Each 100-mile increase in geographic distance from the nearest physical archive corresponds to notable improvements in invention outputs: a 20% increase in the number of patent applications, a 69% improvement in the quality of the applications, an 11% expansion into new technological domains and a 17% augmentation in the applicability of granted patents.

“These findings underscore the role of digitization in catalyzing invention activities and breeding cross-pollinated innovation with broader entrepreneurial and technological utility,” Deng said. “Our findings challenge conventional assumptions about knowledge spillovers and geographic agglomeration, suggesting that digital archives, when paired with adequate online platforms with digital functionalities, unshackle startups from resource- and location-based constraints, enabling them to reconfigure their innovation strategies.”

Park compared the impact of digitization on modern innovation to that of Gutenberg’s printing press in the 15th century.
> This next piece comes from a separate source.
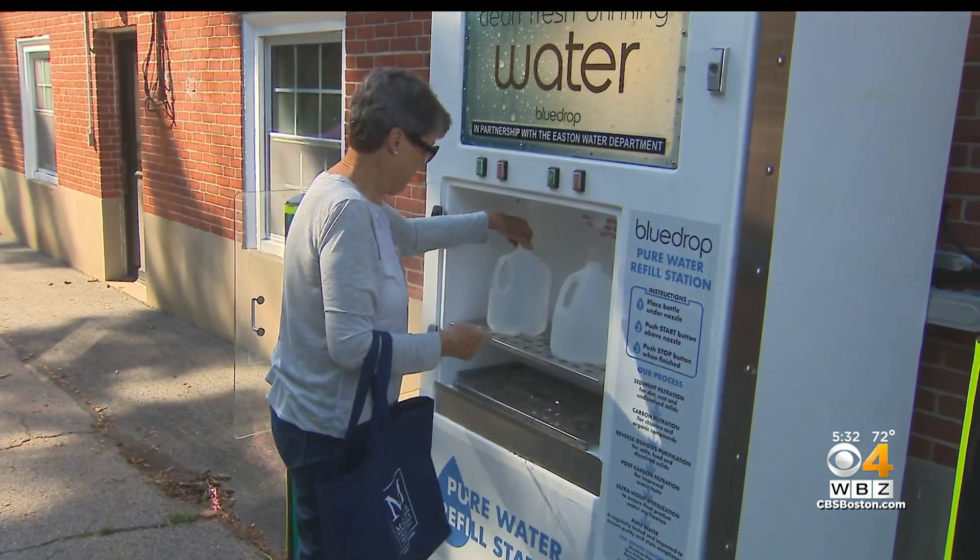In the meantime, residents are coming to this filtered water dispenser to hydrate. "I only had three empty gallons, but usually I bring eight."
Just as the printing press expanded access to information and sped up the spread of knowledge, he said, digitization has triggered a new era of innovation by lowering search costs and making technical knowledge more widely available in the 21st century.

“Indeed, over the last two decades, digital traffic has supplanted physical foot traffic in determining preferred geographies for innovation ecosystems,” Park said. “The implications of our findings extend across several domains within strategic entrepreneurship and innovation scholarship.”

The findings highlight four key areas: how online platforms, data availability, and algorithms guide entrepreneurial discovery; how digital platforms affect different kinds of strategic searches; how access to digital tools and their search functionalities impact inequality and inclusive opportunity; and how early adoption of digital systems may lead to long-term innovation advantages.

Park said the research demonstrates that digitization can act as a transformative force in entrepreneurial ecosystems, not simply by enhancing search efficiency but by reconfiguring how firms effectively access, interpret, and recombine technological knowledge for their innovation.

“These findings speak to a broader shift in the infrastructure of innovation and suggest that the future of technology-based entrepreneurship will be deeply intertwined with the architectures of digital knowledge,” he said. “We hope this work contributes to scholarly discourse, informs institutional design, and supports practitioners seeking to harness the full potential of digital innovation environments.”